[Assignment]
Nothing should appear in the answer except the lines from the one with "Lehning L52, 60 ml" through the end of the listing below, transcribed exactly and without pictures.

[Data extract]
------
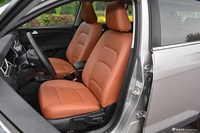 2018款一汽骏派CX65 1.5L手动豪华型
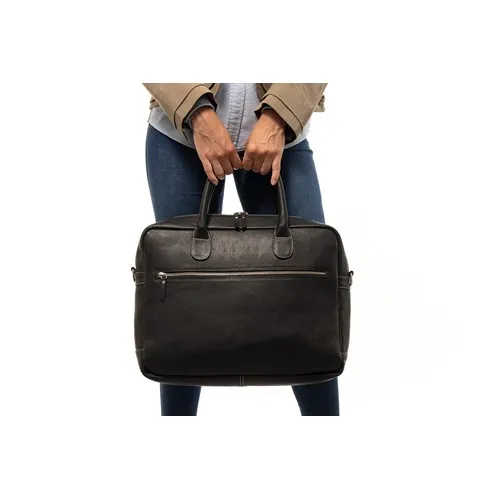 Henri - Sacoche Ordinateur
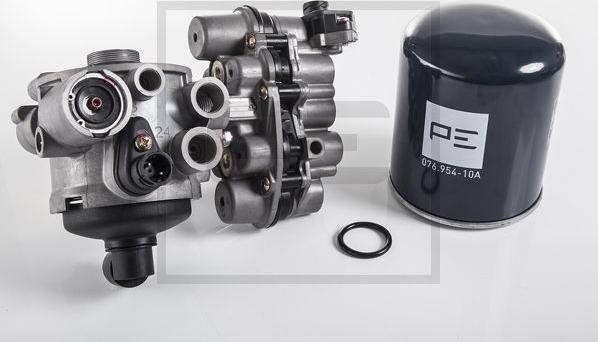 PE Automotive 076.881-10A - Air Dryer, compressed-air system car-mod.net
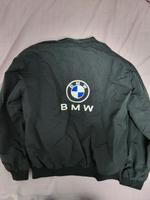 BMW Jacke Herrenjacke Hessen - Höchst im Odenwald Vorschau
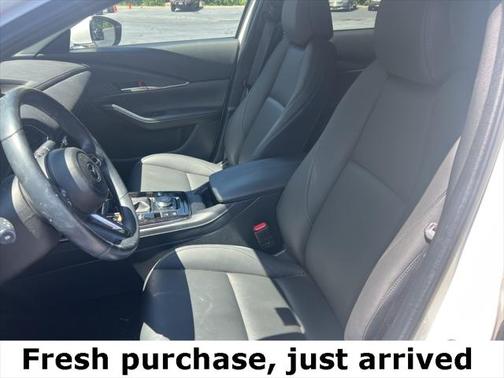 2023 Mazda CX-30 2.5 S Preferred Package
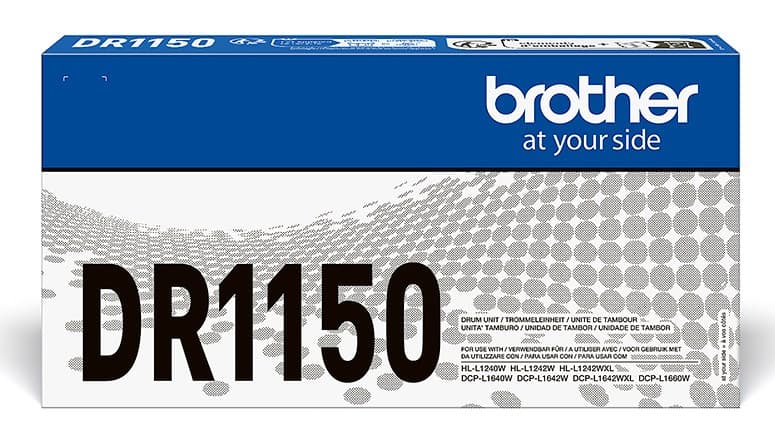 Brother DR-1150 printer drum Original 1 pc(s) - Image 1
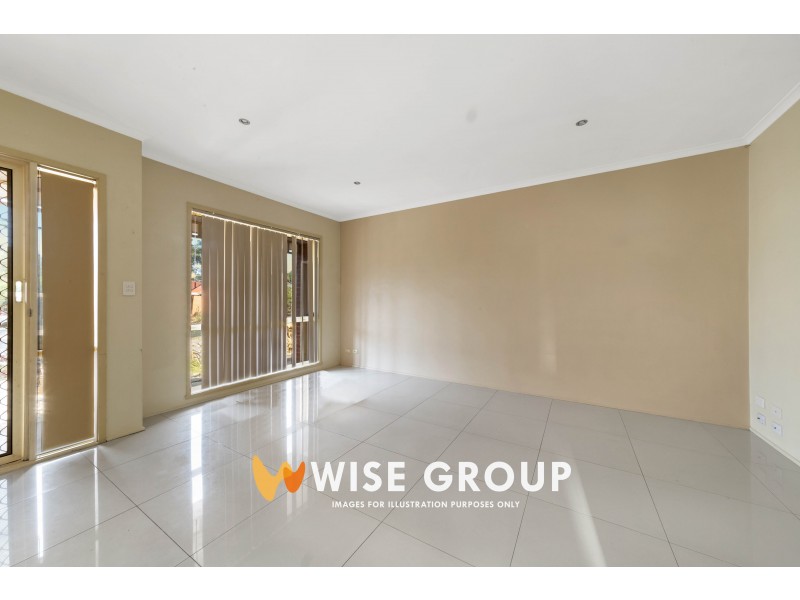 16 Forsyth Court, Cranbourne North VIC 3977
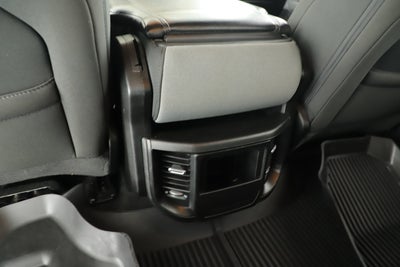 2022 RAM 1500 Lone Star Crew Cab 4x4 5'7' Box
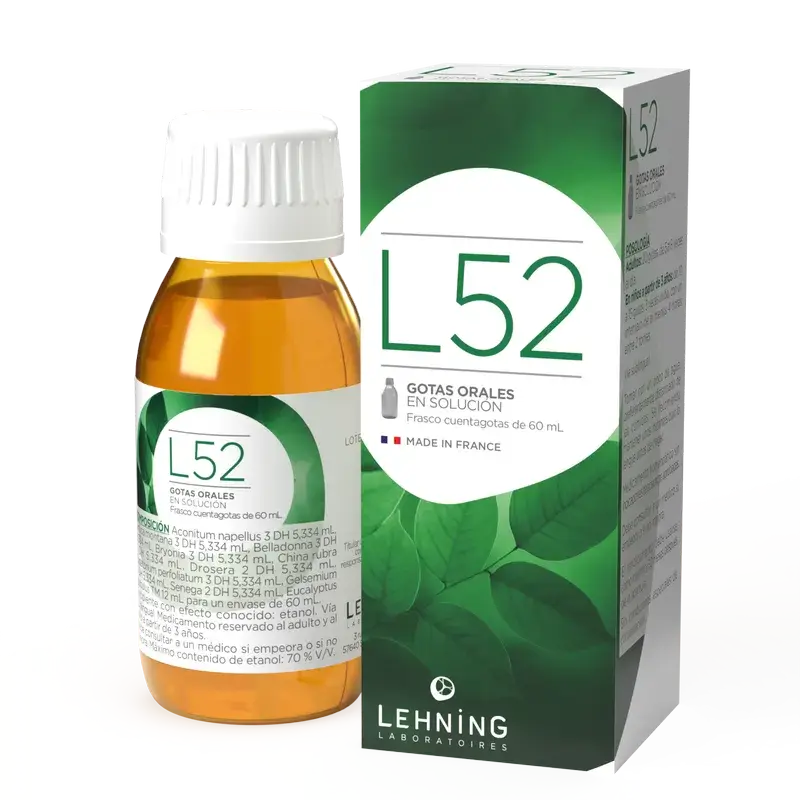 Lehning L52, 60 ml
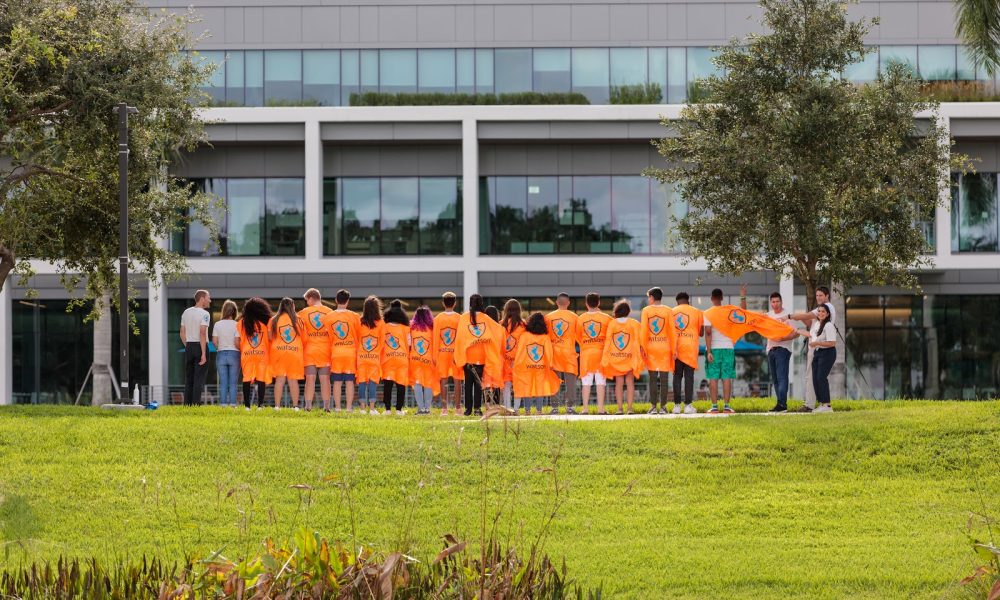 Watson Institute, South Florida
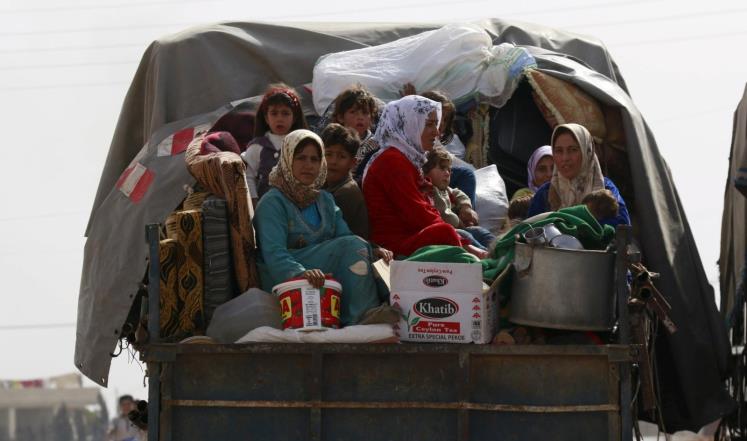 صورة ارشيفية صورة ارشيفية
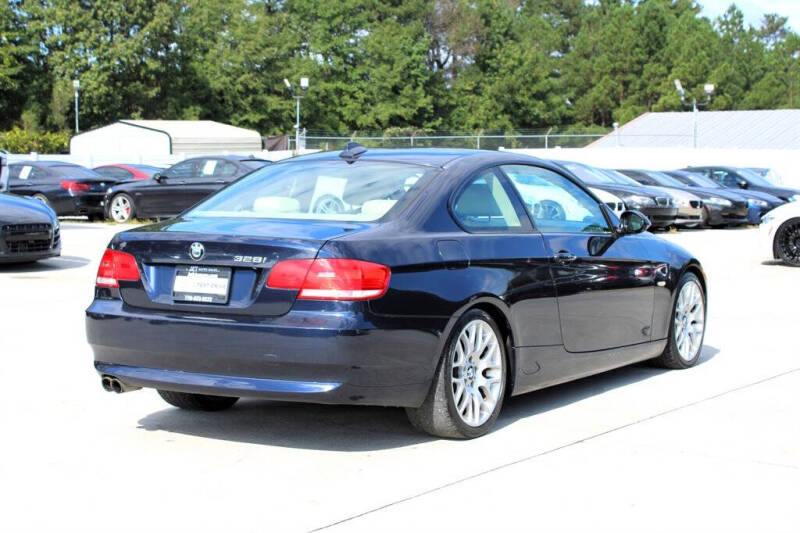 2009 BMW 3 Series 328i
------
[Answer to this exercise]
 Lehning L52, 60 ml
 Watson Institute, South Florida
 صورة ارشيفية صورة ارشيفية
 2009 BMW 3 Series 328i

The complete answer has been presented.